Korean cracking facilities shuttering amid naphtha crunch, Seoul reacting to crisis

By Kim Dong-young Posted : March 23, 2026, 15:08 Updated : March 23, 2026, 15:08
Smoke rising from Yeosu Industrial Complex/ Yonhap
 
SEOUL, March 23 (AJP) - South Korea's major naphtha cracking facilities at the Yeosu Industrial Complex are shuttering as a worsening naphtha supply crunch triggered by the blockade of the Strait of Hormuz forces the industry into emergency measures. 

LG Chem, the country's largest petrochemical firm, said Monday it would suspend operations at its No. 2 naphtha cracking center (NCC) plant in Yeosu, which has an annual ethylene production capacity of 800,000 tons. The company will keep its larger No. 1 plant, with a capacity of 1.2 million tons per year, running to maintain baseline output. 

Yeochun NCC, a joint venture between Hanwha Solutions and DL Chemical, also halted its olefin conversion unit (OCU) and some downstream operations. Lotte Chemical is advancing maintenance shutdowns and reallocating supplies to sustain core production. The moves reflect mounting strain as feedstock costs surge and supply routes remain disrupted. 

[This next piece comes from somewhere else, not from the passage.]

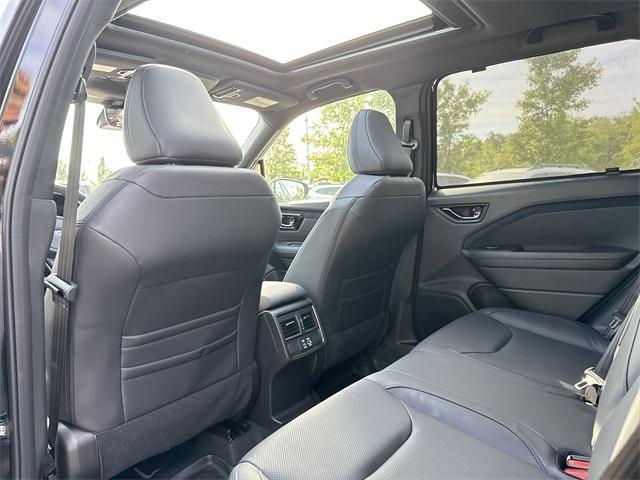 new 2025 Subaru Forester car, priced at $41,135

The move is aimed at conserving limited naphtha stocks by curtailing production of lower-demand petrochemical products while keeping core ethylene output intact. 

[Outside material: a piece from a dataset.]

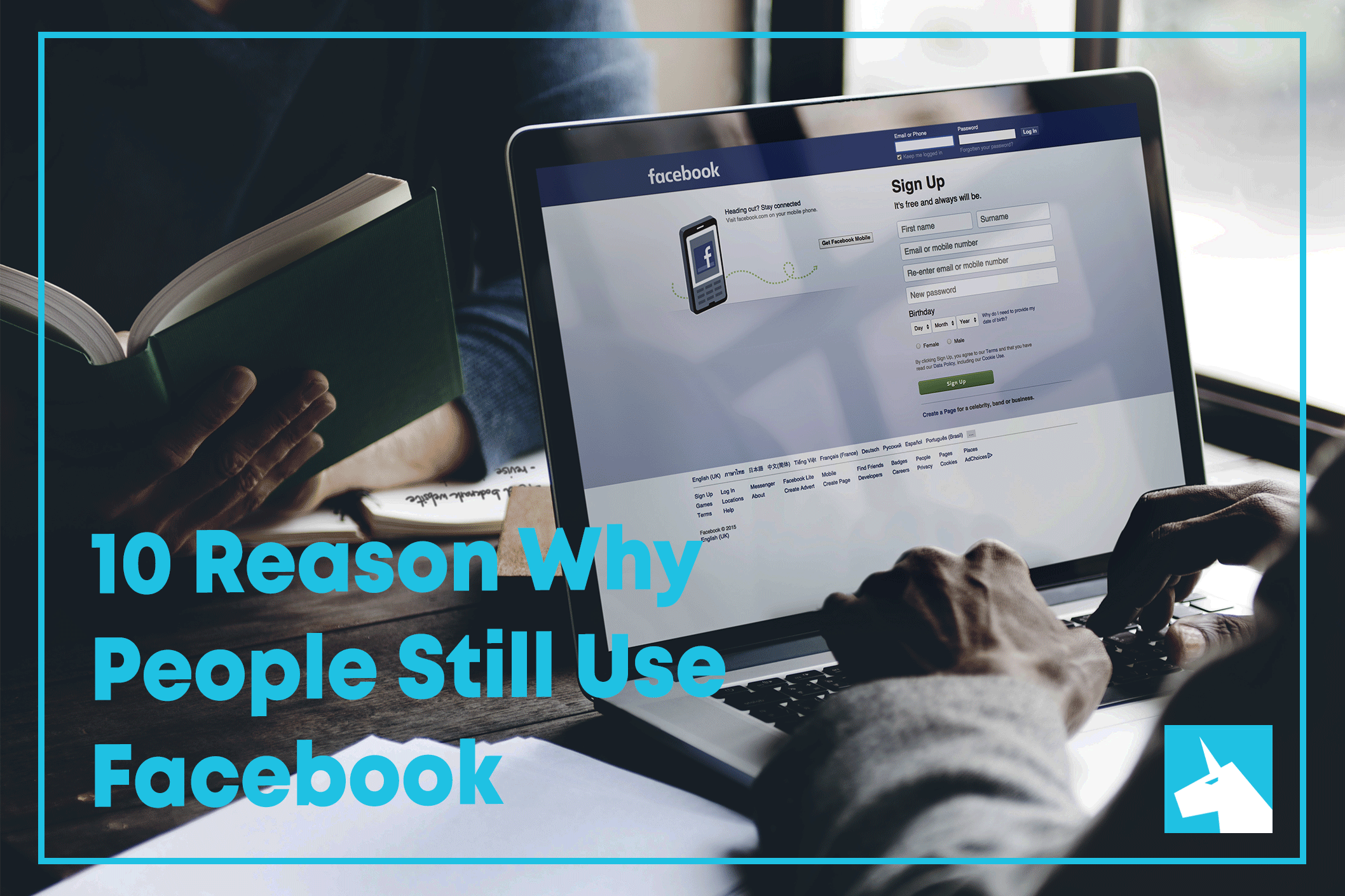 Why People Still Use Facebook Out of So Many Options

Yeochun NCC is struggling to maintain its operating rate at about 60 percent as a drop below 50 percent would force a complete shutdown due to safety risks. 

Naphtha prices have surged since the blockade of the Strait of Hormuz cut off imports from the United Arab Emirates, Qatar and Kuwait. 

Domestic naphtha prices reached $1,068 per ton as of March 18, roughly double the level at the start of the year. Global benchmark naphtha prices climbed to $873 per ton on Monday from about $480 at the beginning of the year, according to Trading Economics.

The spike has effectively eliminated refining margins between naphtha and ethylene, meaning petrochemical producers are incurring losses for every ton of output.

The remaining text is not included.